Après avoir visité l’Histoire, analysé et dépeint la réalité, Boudjedra et Mimouni ressentent le besoin de re-dire leurs pamphlet et essai dans des romans. Dans FIS de la haine, Boudjedra explique déjà ce besoin :
« … toute action humaine passe nécessairement par la pensée et le langage qui la restituent ensuite d’une façon nécessairement déformée, comme l’a souvent souligné Roland Barthes. Mais l’enracinement, l’importance de la vision du monde que porte l’écrivain, l’interférence sur elle de sa part “pathologique”, obsessive et très personnelle fait qu’écrire ce n’est pas voir mais percevoir ».[18]

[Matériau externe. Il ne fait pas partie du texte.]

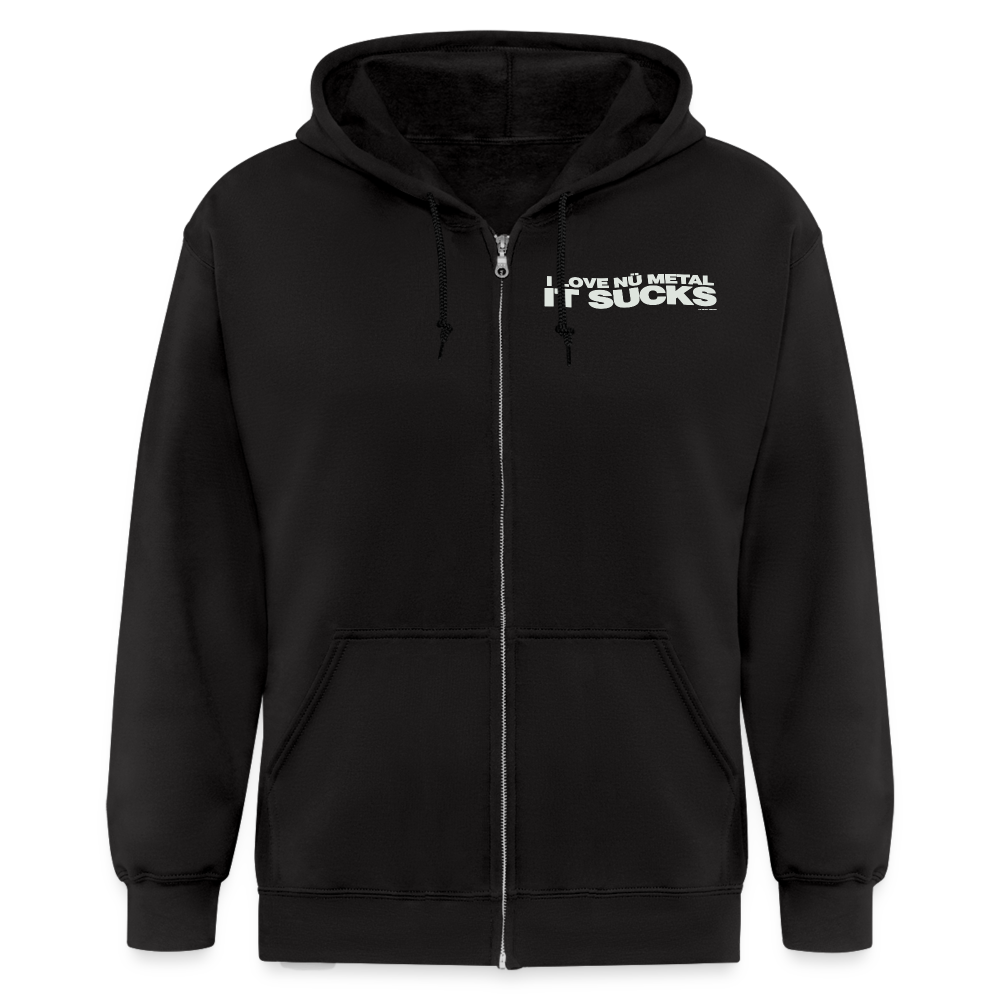 I Love Nu Metal It Sucks - Zip Hoodie - black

Kader, le médecin dans La Malédiction, s’adresse à son chef de service en ces termes :
« J’aime [le professeur Meziane] notre métier, parce qu’en nous forçant à côtoyer la mort, il nous apprend à l’exorciser. Lorsqu’on parvient à franchir le cap, on éprouve un sentiment de surplus de vie, comme si l’on recevait un cadeau inespéré. Les viscères se détendent et le teint s’éclaircit. On se découvre plus indulgent au monde. »[19]
Et Djaout d’ajouter : « … la parole apaise et exorcise.[20] » Le Dernier été de lca raison est d’ailleurs généré par la métaphore de l’Œil dans une adresse, calquée sur les discours islamistes, au « vous » du lecteur ligoté et soumis. Quête d’une autre manière de percevoir le déjà-vu évoluant en quête de l’apaisement, le même procédé est suivi par les trois écrivains. Il s’agit d’un enfouissement en soi dans l’espoir de connaître l’extase. Il y a alors un retour à l’enfance et un recours à l’autobiographie. Les histoires personnelles des écrivains font contre-poids à l’Histoire collective. Néanmoins, la réalité ne peut être niée. Même rejetée, elle finit par fracasser les portes de l’utopie, par violer le texte et mettre un terme au rêve d’un moment. La librairie, refuge de Boualem Yekker, est fermée par les « Thérapeutes de l’esprit » et leurs coreligionnaires. Dans Timimoun, ce sont des articles de presse qui s’insèrent ici et là : « LE PROFESSEUR BEN SAÏD A ÉTÉ SAUVAGEMENT ASSASSINÉ CE MATIN À HUIT HEURES TRENTE À SON DOMICILE SOUS LES YEUX DE SA FILLE…[21] » Face à l’échec de la mémoire, les personnages de Mimouni et de Boudjedra s’autodétruisent. Si Mansour, l’incarnation de la conscience de l’Algérie, ne se déplace pas sans sa bouteille de whisky, alors que le narrateur de Timimoun se nourrit à la vodka. L’alcool devient, pour l’écrivain, le moyen d’apaiser sa conscience et d’oublier le crime fondateur.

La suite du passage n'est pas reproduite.